How To Win At IM Sports

By Parker Richards, The Dartmouth Staff | 5/7/15 9:54am

The weather is warming, spring is in the air and’tis the season for ultra-competitive intramural sports. I know what you’re thinking, “Parker, c’mon! IM sports aren’t competitive at all!” Well, you’re bloody well wrong, and you should be ashamed of yourself. Your IM team should be so ruthlessly efficient, well-organized and brutal that it could goose-step all over Poland on a whim. IM sports are no joke, folks, and the way you people are treating them is a true disgrace to us all. Without further ado, here is everything you need to know about how to assemble your dream IM squad.
1. Build up a minor league division
This one is really a no-brainer, guys.
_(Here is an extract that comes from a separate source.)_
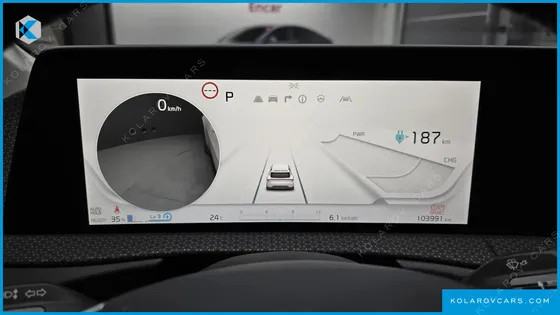 KIA EV6 LONG RANGE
You’ve just got to recruit players straight out of high school and have them begin training in your Single-A team, based out of Bunker Hill Community College. After that, your best Single-A players can advanced to the Double-A team at the University of New Hampshire, and, finally, the very cream of the crop can move up to the Triple-A team at Colby-Sawyer College. After that, it’ll be time for your ultra-elite, highly trained athletes to come up to the big leagues: the Dartmouth College Intramural Tennis competition.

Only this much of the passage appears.